Here are some characteristics that may cause a contract to be void:

  • The contract isn’t legally binding.
  • The contract does not bind the parties in any legitimate way.
  • The contract is unable to establish legal rights attached to affected parties.
  • The contents within the contract are against the law.
  • The contract does not include any form of compensation in any way.

Void Contract Examples

There are many different examples of void contracts. For example, a contract to sell narcotics would be void since selling drugs is an illegal action. Another example would be a contract to kill. Since killing is unlawful, a contract to kill cannot exist. Another example would be if one of the parties involved in a contract is legally declared mentally incompetent. Again, the contract cannot exist because it lacks an essential element.

What Are Voidable Contracts?

A voidable contract is a legal agreement between two parties that may be unenforceable for any number of reasons. Voidable contracts have the necessary elements to be enforceable, so they appear to be valid, but can be rejected by one party if the contract is discovered to have any number of defects. 

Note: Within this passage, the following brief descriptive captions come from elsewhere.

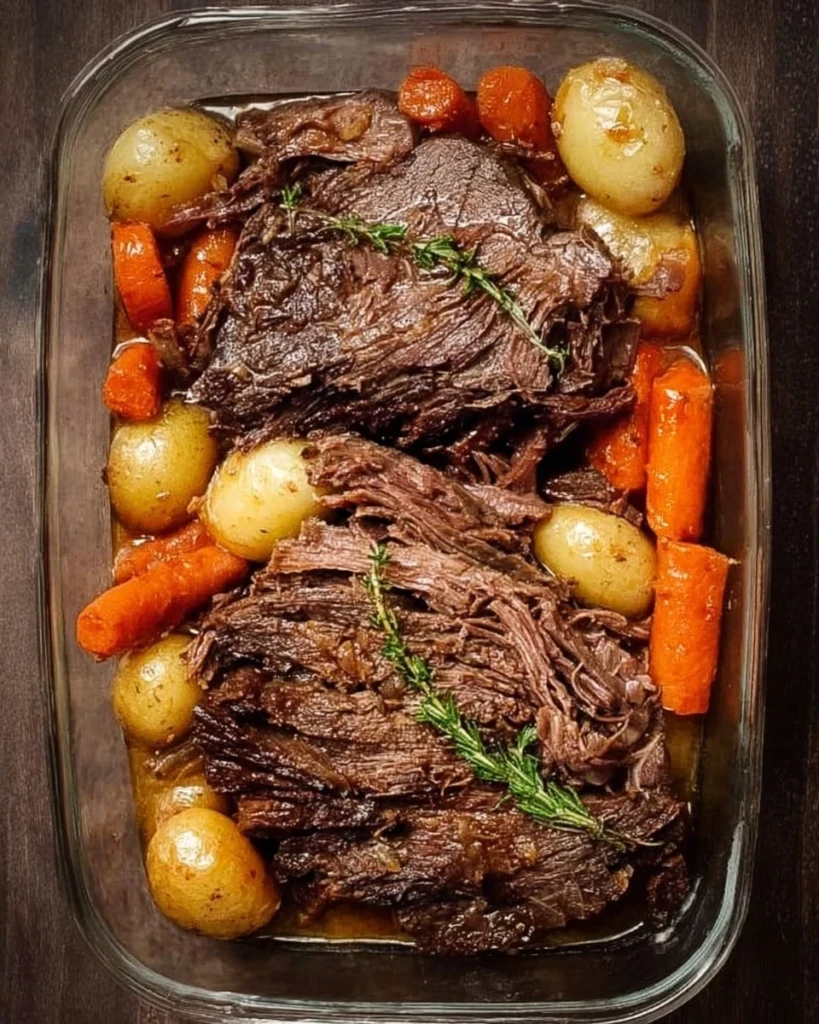 Delicious tender pot roast served with vegetables and gravy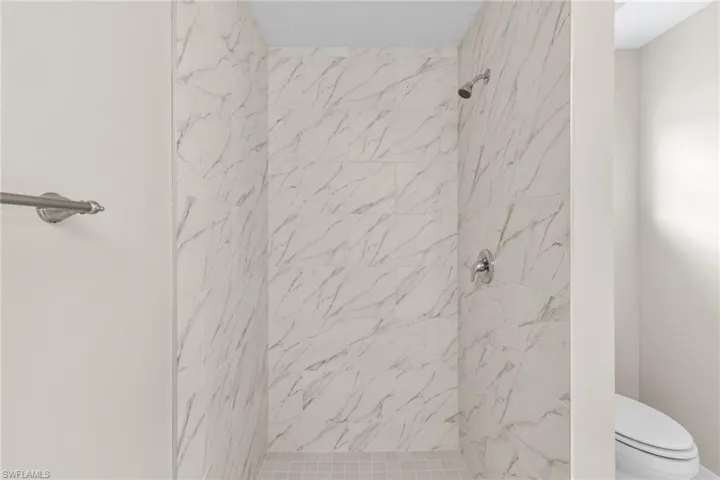Full bath featuring a marble finish shower and toilet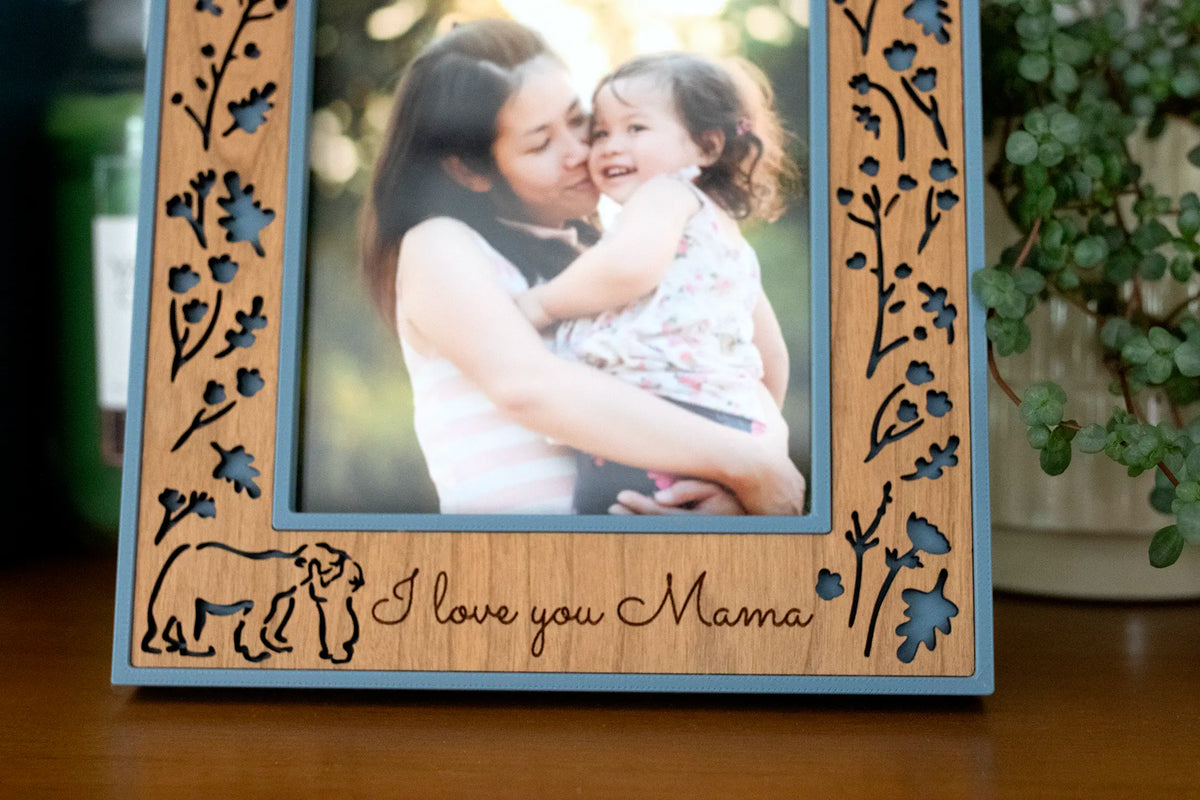 A close-up of a Mama and Baby Bear picture frame showing a laser-cut wood inlay of wildflowers over a slate blue housing, with a mama bear and cub outline beside the engraved words “I love you Mama.”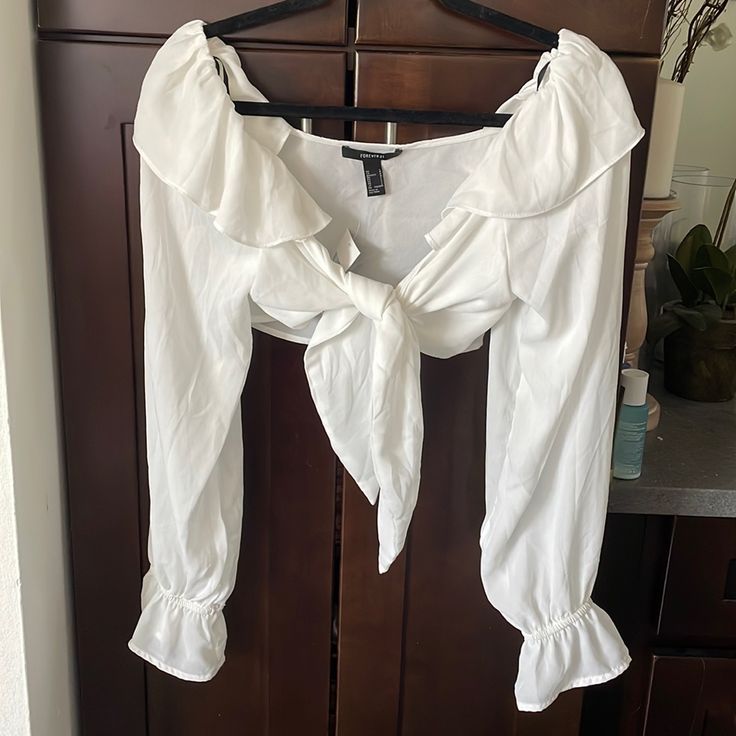 Super Cute Off She Shoulder Frill Ruffle Senorita Mexican Style Shirt Bardot Style Crop Top Tie Front. Dress Up Or Down With A Skirt, Cutoff Shorts, Heels, Flats, Etc. Bundle For Additional Discounts. Cream White Color. New With Tags. White Summer Tops For Date Night, White Tops For Summer Date Night, White Top For Summer Date Night, White Tops For Date Night In Summer, White Long Sleeve Top For Date Night, Forever 21 Long Sleeve Summer Crop Top, Forever 21 Long Sleeve Crop Top For Summer, Forever 21 White Crop Top For Brunch, Forever 21 White Blouse For Spring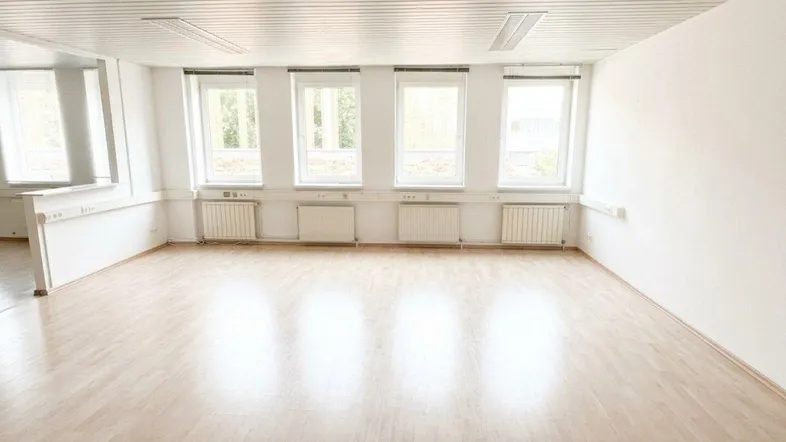 Heller Büroraum mit Holzfußboden, weißen Wänden und mehreren Fenstern für viel Tageslicht.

Most real estate sales contracts include contingency clauses, making them voidable.

Here are some characteristics that may cause a contract to be voidable:

  • One or both parties, change their mind about the agreement.
  • One party was duped, pressured, or misled into signing the contract and uses their right to challenge its legality.
  • One or both parties decide to rescind the consent.
  • The contract was established under duress, fraud, deception, or coercion, making it voidable.

So in plain terms, contracts that are voidable have all of the necessary ingredients to be enforced, but allow one or both parties to nullify the contract. The process of ratification can be used to repair a contract that has been found voidable. Contract ratification necessitates agreement by all parties to new provisions that effectively eliminate the original contract’s primary issue of conflict.

Voidable Contract Examples

Let’s say you wanted to buy a house with a tree in the backyard to set up a swing for your children. Let’s say you signed a contract for a house that is supposed to have a tree in it, but now you show up, and the tree was cut down. This makes the contract voidable. Why? Because you can still buy the house. The contract still exists, you signed the paperwork, and maybe you don’t care that much about ending the contract. Since you have the option to continue with the contract, it is voidable.

What is the Difference Between Void and Voidable?

The terms void and voidable are frequently misunderstood and used interchangeably. A void contract differs from a voidable contract; although both may be nullified for similar reasons, they have their specific differences. Failing to recognize them could result in legal proceedings down the road. While there are some parallels between void and voidable contracts, significant variations must be understood.

Void contracts are not contracts because they lack an essential element of a contract and are thus unenforceable. Voidable contracts have the necessary elements to be enforceable, so they appear to be valid but can be rejected by one party if the contract is discovered to have any number of defects.  See the difference?

A void contract is null and void from the beginning. In this situation, neither party can enforce a void contract because it is treated as if it never existed. When one party states a legal reason for canceling or revoking a voidable contract, it does not become invalid until the other party asserts a legal reason for canceling or withdrawing it.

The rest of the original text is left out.